- The IABM’s report on CES 2023 is summarized with key findings. For Media & Entertainment the most notable developments were in the Smart TV space.
- This was a year of iteration, not grand innovation, reflecting a more conservative global industry outlook.
- A change in exhibition strategy, also seen at IBC 2022, was evident — there was overall less product on show with more emphasis on face-to-face interactions.
The intensification of the Smart TV platform race was perhaps the most significant story of CES relevant to the Media & Entertainment technology audience, according to a report on the show from broadcast hardware manufacturers association IABM.
The body noted that the majority of advancements across the board and not just in the TV category were incremental improvements as the consumer electronics industry looks to a potentially lean near-future.
The Smart TV platform race is accelerating and advertisers, data users and Smart TV app developers will need to engage with a wider range of Smart TV platforms. Smart TV platform owners possess “ultimate control of the point of entertainment aggregation” the IABM found — as well as the related monetization. Moves by independent Smart TV platform players, both old and new, at CES, reaffirmed this importance.

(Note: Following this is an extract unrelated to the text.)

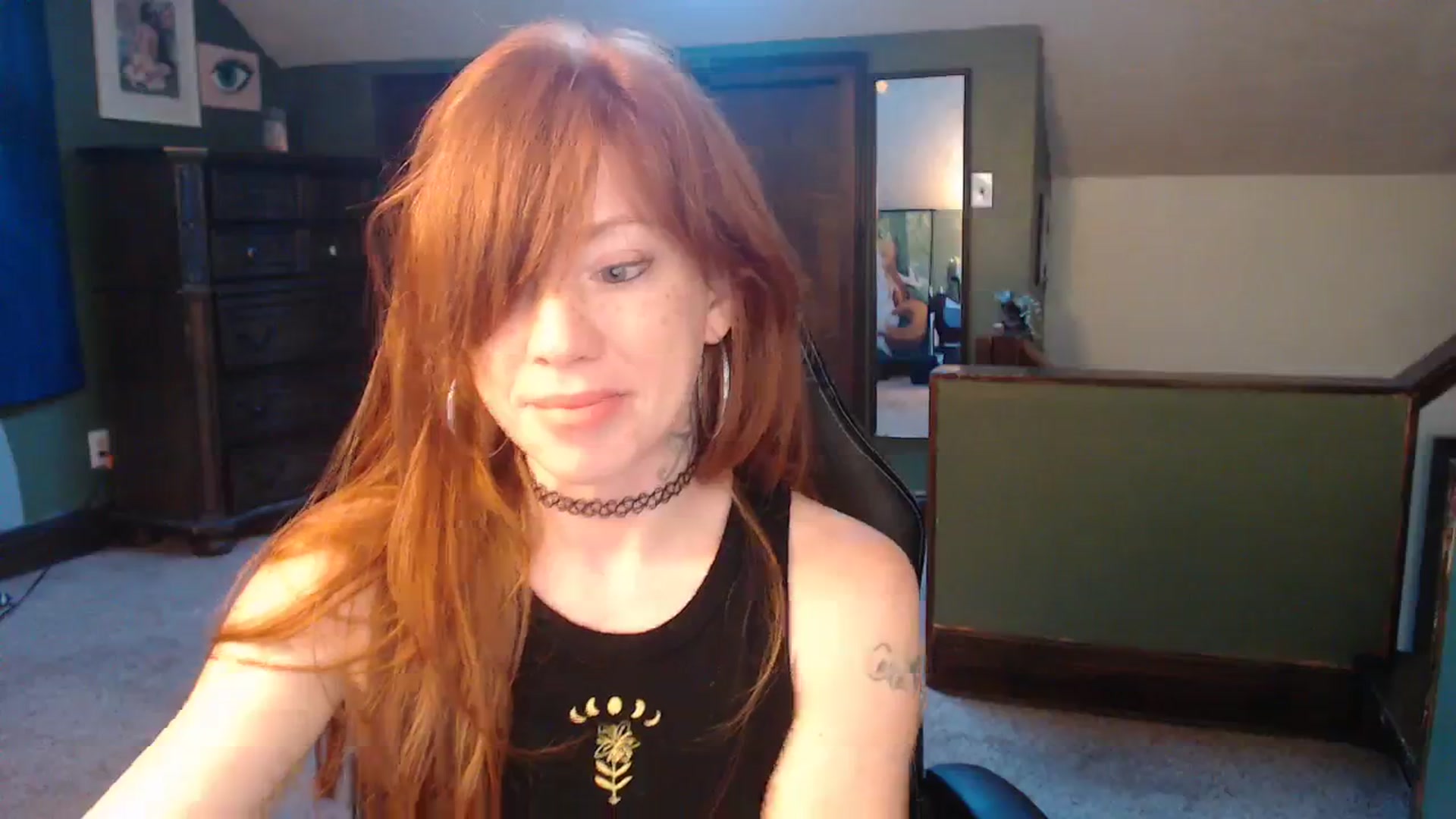 Gallery image thumbnail from AstraeaSiren's myfreecams stream on, 12/14/2023, 22:05 image 11 of 20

Related announcements include Roku’s move to make its own branded TVs, “balancing potential alienation of existing brand partners against increased control of both the total Roku TV experience in its sets and the related revenue streams.” Hisense’s own smart TV platform spinoff — VIDAA OS — finally made its official high-profile CES entrance to the US market. Skyworth demonstrated its in-house Coolita OS Smart TV platform that is used on select TVs outside the US market. Germany’s Foxxum was also present at CES, and Comcast and Charter announced a new partner for their Xumo Smart TV.
When it comes to the functionality of the screens themselves, IABM observed that brands are increasingly differentiating from competitors by using AI to automatically adjust picture quality and modes on the fly based on content type and room lighting.
8K resolution remained a niche capability this year, with only Samsung truly promoting TVs and projectors utilizing 8K. The IABM’s take: “The substantive lack of 8K content at this time, and high streaming bandwidth requirement, continue to relegate the resolution to novelty status for the time being. TV makers are instead focused on maximizing today’s 4K experience for consumers.”
TV brands are doubling down on soundbars, with every top TV brand showing same-branded versions at CES. Per IABM, TV makers have realized that audio is a significant factor in overall consumer satisfaction when it comes to entertainment experiences.
“Content creators and services best able to leverage these increasing audio capabilities (such as taking advantage of a greater number of discrete or virtualized audio channels and greater likelihood of positional audio capabilities from Dolby and DTS), can potentially drive more sustained levels of higher viewer engagement.”
There was little to shout about in terms of immersive experiences. Neither VR nor AR shows signs of long promised mass adoption in 2023. “Lean economic times ahead are expected to temper consumer demand for high-priced peripherals,” is the IABM’s prognosis. By contrast, “non-gaming applications exploiting immersive technologies and the metaverse for retail, education, and the enterprise are continuing to grow,” it finds.
The report also highlighted in-car infotainment arena as “the next battleground” for competing connected consumer platforms and “related control of the point of entertainment consumption.”
Google, Apple and Amazon are each working to have automakers integrate their infotainment experiences more deeply into the car at the OS or application layer levels.
In conclusion: “It is clear that evolutionary changes and refinement were largely the themes at CES 2023 for the devices most relevant to the consumption of media and entertainment. Companies are more conservative and iterative this year, reflecting an overall industry outlook of having to adjust strategy sails to weather a potentially difficult 1–2-year period of weaker consumer spending ahead.”